Deliveroo and Uber Eats Coupled in a Valentine’s Day Strike

According to Forbes, consumer spending on Valentine’s Day in 2023 is estimated to reach $25.9 billion, making it one of the most significant events for consumer purchasing power in the annual calendar. This is noteworthy given prevailing macroeconomic challenges, such as a cost-of-living crisis. Despite being a lucrative day for online food delivery giants, as indicated by a study by St Pierre, revealing that over half of Britons prioritise food for Valentine’s Day, there have been recent strikes from drivers associated with Just Eat, Deliveroo, and Uber Eats.

On Valentine’s Day, more than 3,000 drivers participated in a strike from 17:00 to 22:00, strategically targeting the 'dinner rush' hours from 17:00 to 21:00, when Uber Eats experiences the highest influx of orders. The drivers advocated for improved pay and working conditions.
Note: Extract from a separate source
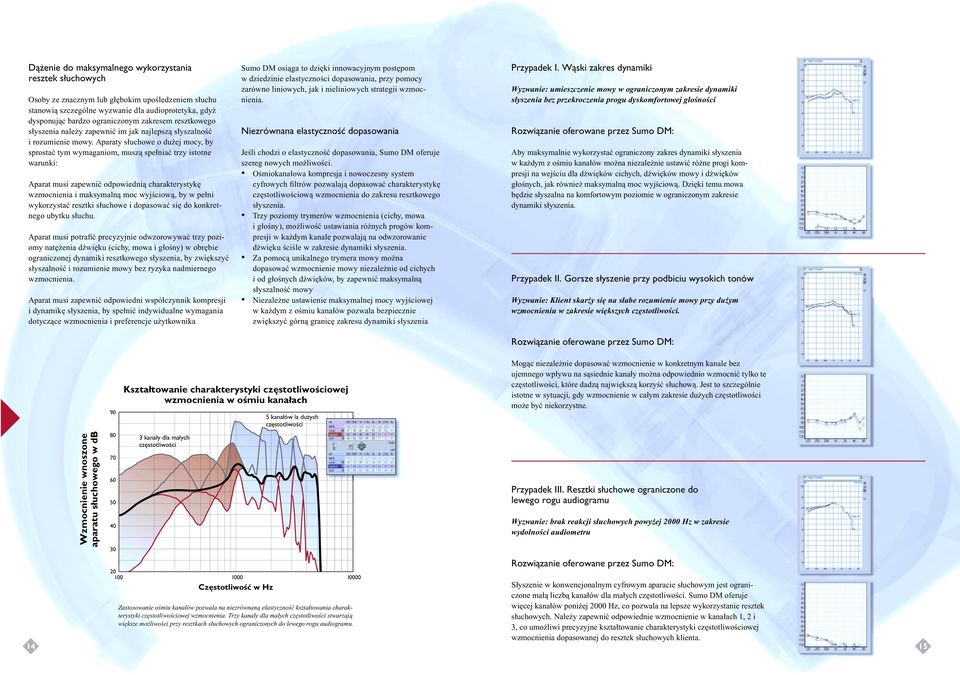 Aparaty słuchowe o dużej mocy, by sprostać tym wymaganiom, muszą spełniać trzy istotne warunki: Aparat musi zapewnić odpowiednią charakterystykę wzmocnienia i maksymalną moc wyjściową, by w pełni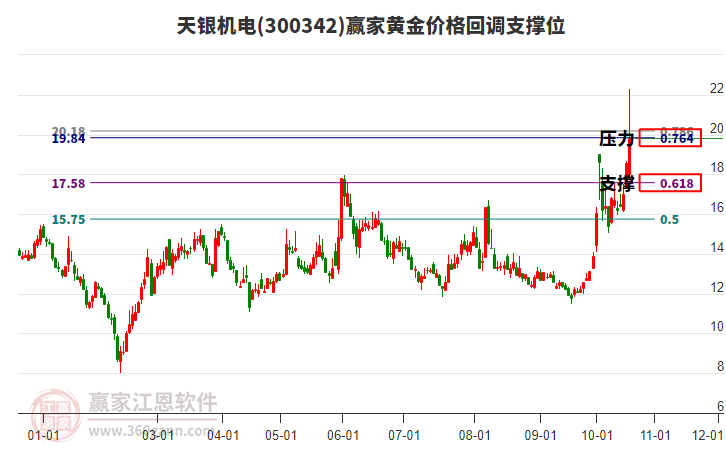 300342天银机电黄金价格回调支撑位工具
This strike follows the landmark Supreme Court ruling that Deliveroo drivers are not considered employees, depriving them of the right to form a union. This decision concluded a seven-year legal battle initiated by the Independent Workers’ Union of Great Britain (IWGB) over the employment status of food courier drivers.

The Central Arbitration Committee (CAC) ruled in 2017 that Deliveroo riders did not meet the definition of "Workers" under the Trade Union and Labour Relations (Consolidation) Act 1992 (TULRCA). In December 2023, the Supreme Court dismissed an IWGB appeal against the CAC's decision, affirming that Deliveroo drivers do not have collective bargaining rights. Collective bargaining rights are significant for the gig economy, enabling trade unions to negotiate agreements with employers on behalf of workers, covering aspects such as working conditions and fair pay.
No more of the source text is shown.